§ **PROBLEM**
Some of the lines below need repeating. Reproduce exactly those between the lines holding "All Things Decor" and "Prince of Wales Aussenansicht", inclusive.

§ **SOURCE MATERIAL**
◇ ◇ ◇ ◇ ◇ ◇ ◇

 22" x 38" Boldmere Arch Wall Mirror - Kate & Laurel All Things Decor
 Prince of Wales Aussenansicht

◇ ◇ ◇ ◇ ◇ ◇ ◇

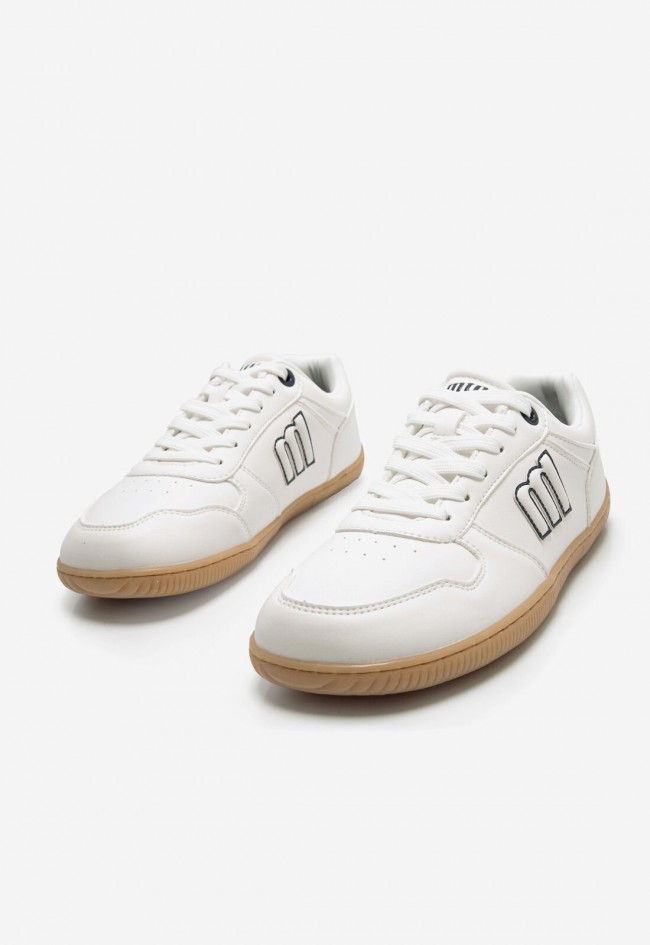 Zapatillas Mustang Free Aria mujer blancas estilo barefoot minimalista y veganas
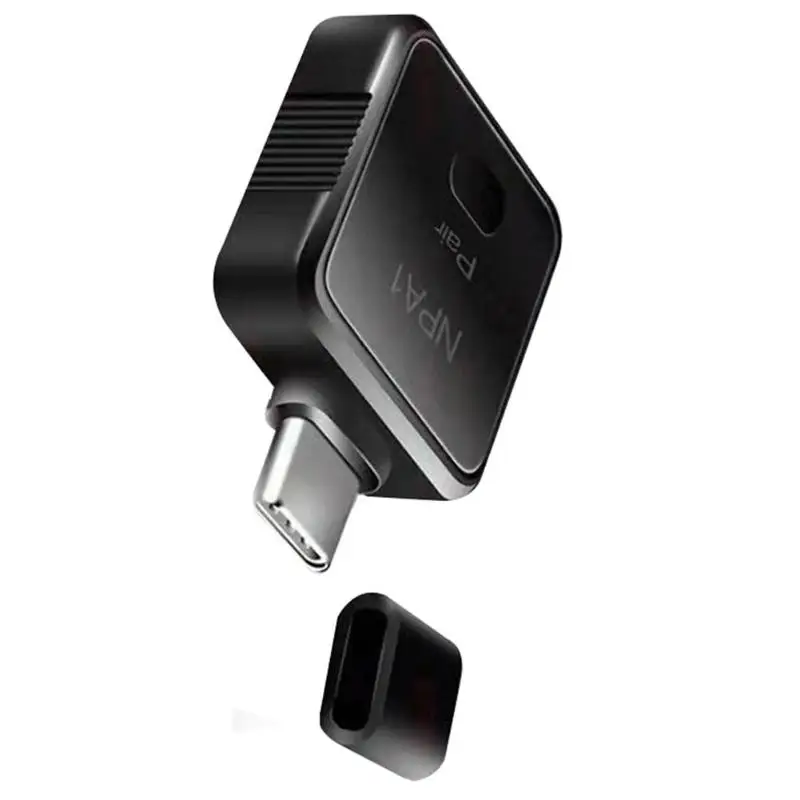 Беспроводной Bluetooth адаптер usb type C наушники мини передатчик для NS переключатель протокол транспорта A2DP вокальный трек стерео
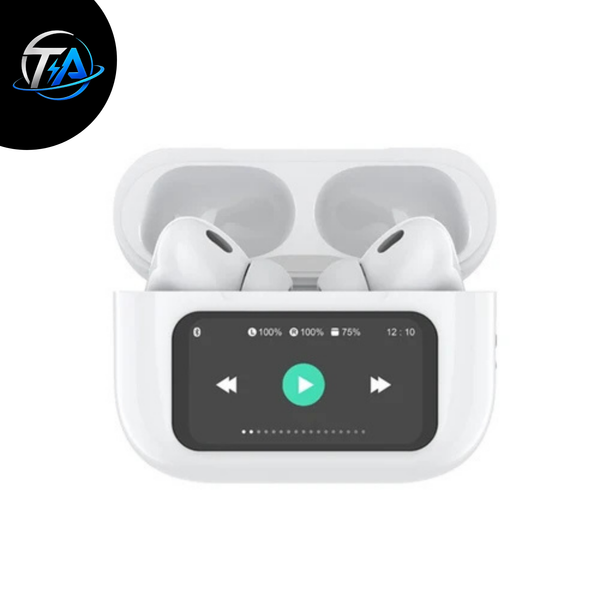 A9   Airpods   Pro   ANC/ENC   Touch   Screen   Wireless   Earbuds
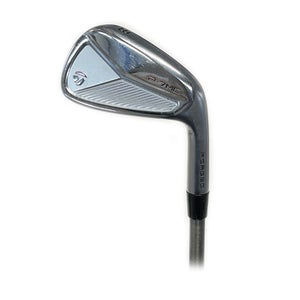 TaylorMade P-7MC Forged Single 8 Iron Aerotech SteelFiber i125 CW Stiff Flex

◇ ◇ ◇ ◇ ◇ ◇ ◇

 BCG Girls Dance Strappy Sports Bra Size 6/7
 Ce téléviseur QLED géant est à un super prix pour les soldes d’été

◇ ◇ ◇ ◇ ◇ ◇ ◇

§ **EXERCISE OUTPUT**
 22" x 38" Boldmere Arch Wall Mirror - Kate & Laurel All Things Decor
 Prince of Wales Aussenansicht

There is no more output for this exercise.